The polls published before a legal blackout went into effect early last week showed Fujimori with around 43.5 percent -- well short of the majority necessary for an outright victory -- to 32.5 percent for Toledo. But even though polls can no longer be legally published, they're still being conducted. Pollsters say privately that data analyzed Friday show Fujimori increasing his share of the vote to 47.5 percent, tantalizingly close to a first-round victory, with Toledo dropping to 30.5. The numbers do not impress Fujimori's foreign critics, who say he got them by cheating.

The chief of an OAS observation team, former Guatemalan Foreign Minister Eduardo Stein, said Fujimori's manipulation has been so bald that the OAS ``may disqualify the legitimacy of the electoral process.'' Stein was merely the latest foreign official to blast the president. U.S. Sen. Paul Coverdell, R-Ga., introducing the resolution calling for Washington to block aid to Peru, accused Fujimori of engineering ``a slow-motion coup.''


The State Department said electoral conditions ``fall far short of what is required to ensure a fully democratic process.'' Added a delegation of observers from the Atlanta-based Carter Center and the National Democratic Institute: ``Irreparable damage to the integrity of the electoral process has already been done.''

Some of what his critics call Fujimori's most blatant actions: His allies in Congress ``reinterpreted'' Peru's constitution to allow him to seek a third term, then fired three judges on the Constitutional Tribunal who objected.

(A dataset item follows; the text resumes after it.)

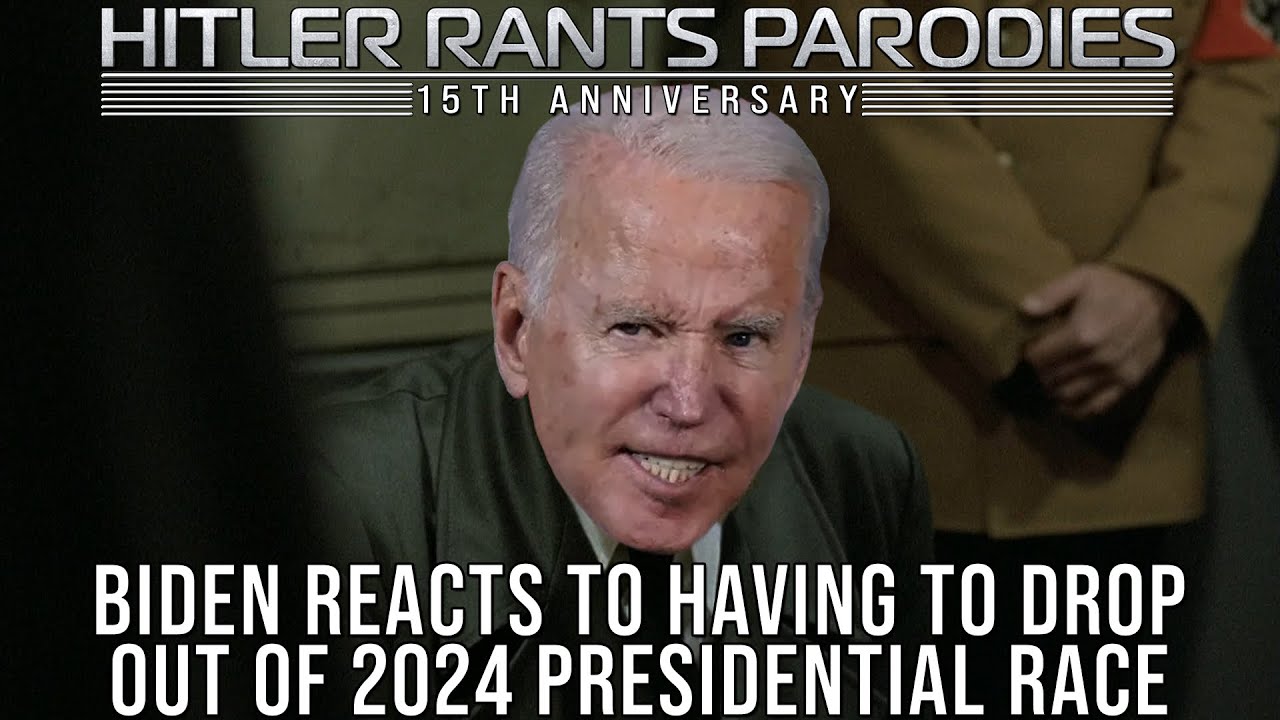Biden reacts to having to drop out of 2024 presidential race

Witnesses say the president's campaign forged a million signatures necessary to get his name on the ballot, deploying 450 workers in three shifts a day for two weeks. Observed one bemused diplomat: ``It looks like it was more effort to forge them than it would have been to go out and get them legitimately.''

TV stations, fearful of license challenges from the government after two were seized after critical reports about Fujimori, have allegedly refused to sell advertising to opposition candidates. And their newscasts have been one-sided. A study of evening newscasts one week last month by the nonpartisan group Transparencia showed Fujimori got one hour and 52 minutes of air time, compared with 15 minutes for Toledo.

Pro-Fujimori newspapers and TV programs routinely launch savage personal attacks on opposition candidates. The onslaught is daily in Lima's tabloid newspapers, where Toledo has been lacerated for everything from his marriage to a French-born woman to his singing, with an occasional detour into economic policy.

The most serious damage to Toledo, however, may have been done by the TV program Laura en America, a wildly popular talk show whose host, Laura Bozzo, is often called ``the Jerry Springer of Peru.'' Last week Bozzo interviewed a woman who claims her 12-year-old daughter was fathered by Toledo but that he has refused to acknowledge her or pay child support.

Bozzo led the studio audience in a chant of ``DNA! DNA!'' which she has repeated every day since. The controversy over campaign tactics has largely eclipsed ideology in the contest between Fujimori, 61, and Toledo, 54, who worked his way to a doctorate at Stanford.